Problem statement ▸ Here is the task for the records below: repeat exactly the lines from the one with "Reggimensole per Lavabo" to the one with "or – Image 2", both included, and nothing else.

====== Data ======

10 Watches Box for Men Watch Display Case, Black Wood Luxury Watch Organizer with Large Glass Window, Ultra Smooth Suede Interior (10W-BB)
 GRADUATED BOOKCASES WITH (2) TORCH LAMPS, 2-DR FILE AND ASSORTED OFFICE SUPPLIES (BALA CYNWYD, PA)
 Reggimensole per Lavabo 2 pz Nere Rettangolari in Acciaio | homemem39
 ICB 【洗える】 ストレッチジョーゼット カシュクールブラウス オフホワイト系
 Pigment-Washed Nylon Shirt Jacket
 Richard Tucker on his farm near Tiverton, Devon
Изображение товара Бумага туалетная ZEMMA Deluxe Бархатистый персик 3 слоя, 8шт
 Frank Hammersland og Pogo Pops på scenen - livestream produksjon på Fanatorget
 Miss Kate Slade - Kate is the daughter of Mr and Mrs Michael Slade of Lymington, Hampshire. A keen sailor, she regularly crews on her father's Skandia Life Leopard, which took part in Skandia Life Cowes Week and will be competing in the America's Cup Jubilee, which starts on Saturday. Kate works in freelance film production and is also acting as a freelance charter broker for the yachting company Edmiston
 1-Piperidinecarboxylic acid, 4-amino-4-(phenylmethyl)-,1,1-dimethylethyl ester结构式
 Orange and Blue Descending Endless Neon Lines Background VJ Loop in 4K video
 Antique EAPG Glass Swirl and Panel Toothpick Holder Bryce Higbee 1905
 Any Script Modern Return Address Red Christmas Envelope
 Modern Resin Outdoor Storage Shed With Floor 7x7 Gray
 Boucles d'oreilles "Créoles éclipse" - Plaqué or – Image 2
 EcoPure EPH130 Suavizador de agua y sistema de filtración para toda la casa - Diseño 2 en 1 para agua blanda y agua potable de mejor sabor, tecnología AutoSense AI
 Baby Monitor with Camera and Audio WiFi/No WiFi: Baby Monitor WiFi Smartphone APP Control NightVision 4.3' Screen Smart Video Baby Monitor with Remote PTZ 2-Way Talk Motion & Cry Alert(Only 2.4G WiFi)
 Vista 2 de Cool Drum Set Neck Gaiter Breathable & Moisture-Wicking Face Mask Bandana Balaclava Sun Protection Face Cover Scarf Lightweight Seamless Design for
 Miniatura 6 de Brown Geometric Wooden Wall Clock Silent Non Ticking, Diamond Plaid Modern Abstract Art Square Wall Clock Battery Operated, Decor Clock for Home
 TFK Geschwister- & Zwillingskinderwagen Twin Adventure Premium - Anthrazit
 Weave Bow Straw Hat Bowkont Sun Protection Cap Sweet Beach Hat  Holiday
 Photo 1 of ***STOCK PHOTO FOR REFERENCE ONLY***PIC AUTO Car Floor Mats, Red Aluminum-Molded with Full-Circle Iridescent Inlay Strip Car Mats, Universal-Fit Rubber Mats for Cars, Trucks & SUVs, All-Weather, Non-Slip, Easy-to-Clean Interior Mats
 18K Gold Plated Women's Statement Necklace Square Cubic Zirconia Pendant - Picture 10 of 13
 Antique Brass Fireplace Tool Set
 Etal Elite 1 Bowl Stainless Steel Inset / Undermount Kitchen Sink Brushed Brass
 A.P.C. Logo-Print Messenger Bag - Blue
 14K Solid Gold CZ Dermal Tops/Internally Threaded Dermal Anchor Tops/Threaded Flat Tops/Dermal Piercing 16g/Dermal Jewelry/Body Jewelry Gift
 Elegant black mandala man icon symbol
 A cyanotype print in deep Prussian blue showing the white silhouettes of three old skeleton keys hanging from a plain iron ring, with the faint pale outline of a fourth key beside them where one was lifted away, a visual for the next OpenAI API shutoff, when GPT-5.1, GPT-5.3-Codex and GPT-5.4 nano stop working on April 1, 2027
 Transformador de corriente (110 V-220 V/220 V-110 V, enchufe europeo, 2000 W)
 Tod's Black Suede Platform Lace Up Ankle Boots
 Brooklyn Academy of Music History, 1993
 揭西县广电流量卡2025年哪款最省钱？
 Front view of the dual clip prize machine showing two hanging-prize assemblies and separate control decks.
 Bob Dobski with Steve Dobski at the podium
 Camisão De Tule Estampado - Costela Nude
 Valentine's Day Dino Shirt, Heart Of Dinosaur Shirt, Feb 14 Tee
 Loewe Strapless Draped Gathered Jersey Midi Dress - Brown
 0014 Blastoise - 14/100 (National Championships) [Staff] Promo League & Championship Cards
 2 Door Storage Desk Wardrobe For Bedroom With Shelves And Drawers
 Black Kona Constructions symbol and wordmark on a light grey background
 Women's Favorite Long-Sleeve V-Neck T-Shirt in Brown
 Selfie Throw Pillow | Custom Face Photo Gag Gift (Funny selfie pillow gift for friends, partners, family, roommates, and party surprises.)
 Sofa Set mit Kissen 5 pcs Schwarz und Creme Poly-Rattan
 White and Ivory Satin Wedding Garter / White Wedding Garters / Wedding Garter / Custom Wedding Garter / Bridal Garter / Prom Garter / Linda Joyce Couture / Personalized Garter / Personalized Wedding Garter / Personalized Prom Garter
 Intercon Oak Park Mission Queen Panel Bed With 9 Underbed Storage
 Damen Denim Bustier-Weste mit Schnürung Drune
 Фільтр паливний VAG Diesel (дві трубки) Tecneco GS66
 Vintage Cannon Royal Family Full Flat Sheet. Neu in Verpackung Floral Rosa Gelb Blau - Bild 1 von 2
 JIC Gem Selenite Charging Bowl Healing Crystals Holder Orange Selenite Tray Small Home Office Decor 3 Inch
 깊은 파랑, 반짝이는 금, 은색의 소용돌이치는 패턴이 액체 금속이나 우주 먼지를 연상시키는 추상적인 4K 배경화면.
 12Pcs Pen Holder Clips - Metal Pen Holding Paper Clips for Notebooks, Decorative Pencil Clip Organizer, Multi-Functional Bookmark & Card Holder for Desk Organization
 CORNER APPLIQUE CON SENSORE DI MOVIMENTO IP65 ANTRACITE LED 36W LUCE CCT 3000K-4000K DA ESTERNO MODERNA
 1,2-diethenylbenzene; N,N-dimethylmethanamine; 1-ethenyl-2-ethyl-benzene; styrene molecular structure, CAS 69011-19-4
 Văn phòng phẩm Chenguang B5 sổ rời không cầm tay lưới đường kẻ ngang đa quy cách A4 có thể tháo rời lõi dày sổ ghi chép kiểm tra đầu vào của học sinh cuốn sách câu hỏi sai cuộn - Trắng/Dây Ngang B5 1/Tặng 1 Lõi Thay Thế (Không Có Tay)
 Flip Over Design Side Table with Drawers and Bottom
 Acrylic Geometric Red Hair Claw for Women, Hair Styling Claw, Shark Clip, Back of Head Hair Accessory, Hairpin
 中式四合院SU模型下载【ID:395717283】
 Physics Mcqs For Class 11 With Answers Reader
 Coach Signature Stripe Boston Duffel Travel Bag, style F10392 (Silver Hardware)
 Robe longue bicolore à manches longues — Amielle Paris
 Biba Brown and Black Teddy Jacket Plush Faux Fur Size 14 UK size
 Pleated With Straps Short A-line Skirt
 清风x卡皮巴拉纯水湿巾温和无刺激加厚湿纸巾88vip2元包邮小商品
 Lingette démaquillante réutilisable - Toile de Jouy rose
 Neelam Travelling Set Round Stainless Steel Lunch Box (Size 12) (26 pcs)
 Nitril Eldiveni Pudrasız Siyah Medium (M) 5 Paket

======

Exercise response ▸
 Reggimensole per Lavabo 2 pz Nere Rettangolari in Acciaio | homemem39
 ICB 【洗える】 ストレッチジョーゼット カシュクールブラウス オフホワイト系
 Pigment-Washed Nylon Shirt Jacket
 Richard Tucker on his farm near Tiverton, Devon
Изображение товара Бумага туалетная ZEMMA Deluxe Бархатистый персик 3 слоя, 8шт
 Frank Hammersland og Pogo Pops på scenen - livestream produksjon på Fanatorget
 Miss Kate Slade - Kate is the daughter of Mr and Mrs Michael Slade of Lymington, Hampshire. A keen sailor, she regularly crews on her father's Skandia Life Leopard, which took part in Skandia Life Cowes Week and will be competing in the America's Cup Jubilee, which starts on Saturday. Kate works in freelance film production and is also acting as a freelance charter broker for the yachting company Edmiston
 1-Piperidinecarboxylic acid, 4-amino-4-(phenylmethyl)-,1,1-dimethylethyl ester结构式
 Orange and Blue Descending Endless Neon Lines Background VJ Loop in 4K video
 Antique EAPG Glass Swirl and Panel Toothpick Holder Bryce Higbee 1905
 Any Script Modern Return Address Red Christmas Envelope
 Modern Resin Outdoor Storage Shed With Floor 7x7 Gray
 Boucles d'oreilles "Créoles éclipse" - Plaqué or – Image 2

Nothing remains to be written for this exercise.